Nocturno

Fue el viernes pasado. Cuando se cortó la luz, miré la hora y eran las dos de la mañana, cinco minutos más cinco minutos menos, pero eran las dos. Sin aire acondicionado, sin luz, sin heladera, la casa dejaba de ser el territorio acogedor para transformarse en algo parecido a un páramo oscuro y calcinante. Salí a la vereda: las calles del barrio estaban desiertas y la oscuridad parecía extenderse hacia toda la ciudad. Pensé en irme a dormir, pero el calor y los mosquitos me convencieron sobre la imprudencia de mi proyecto.

Por un momento se me ocurrió salir a caminar. Me gusta pasear por la ciudad desierta, recorrer las calles del barrio y explorar otros barrios, pero eran las dos de la mañana, el calor seguía agobiando y el silencio y la oscuridad no invitaban a una caminata contemplativa.

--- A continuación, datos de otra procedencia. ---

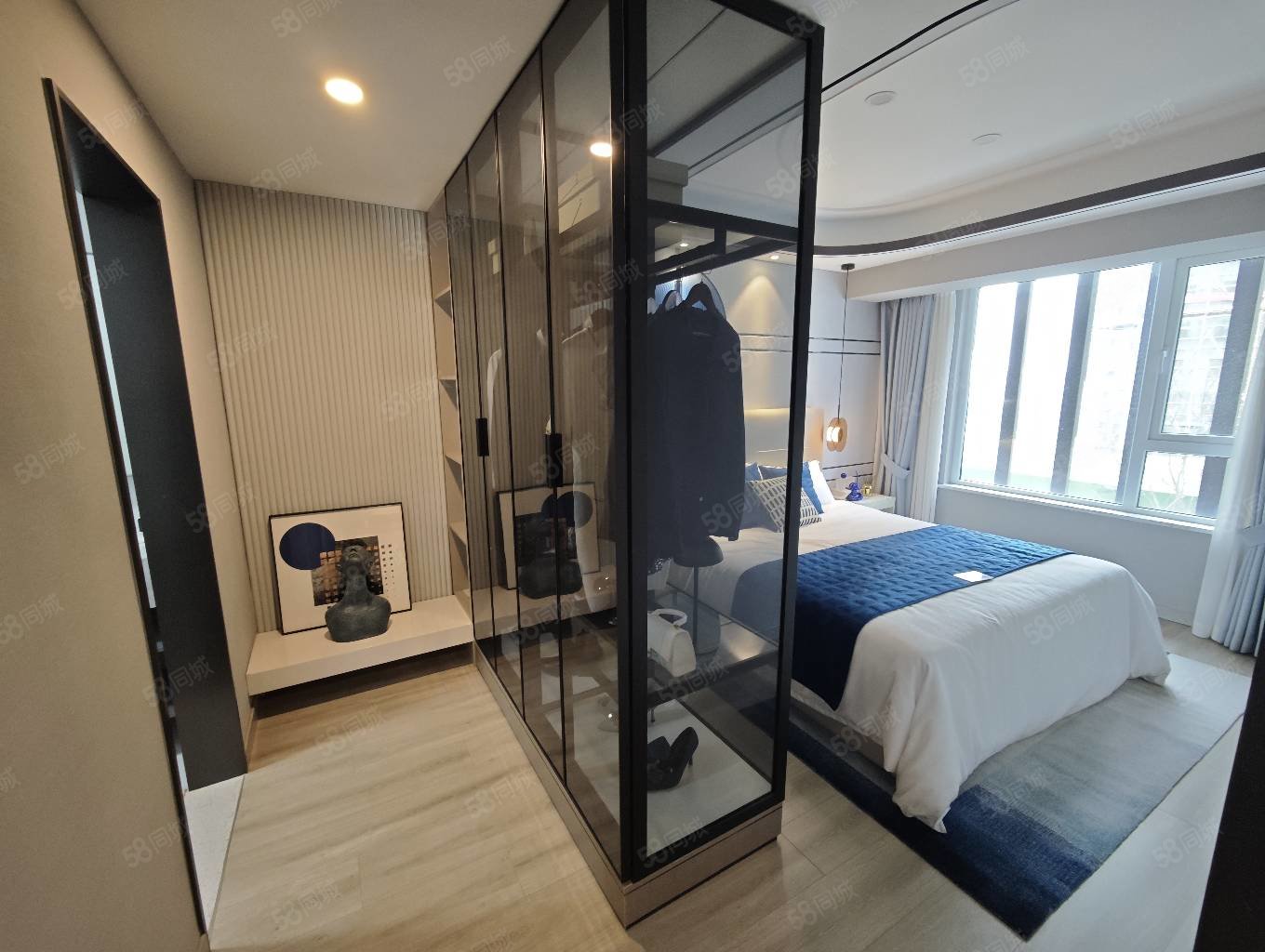 当代满庭春MOMA3室2厅2卫117㎡南北53.5万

Opté por salir con el auto. El aire acondicionado, la buena música, la posibilidad de desplazarme por toda la ciudad como un observador distante, externo, me parecieron un buen programa. No sé por que pensé que la soledad, esa soledad altiva y austera que uno defiende, exige a veces su precio. Supe que estaba solo y no me pareció digno que un corte de luz, un simple y previsible corte de luz, despertase dudas y temores que creía resueltos.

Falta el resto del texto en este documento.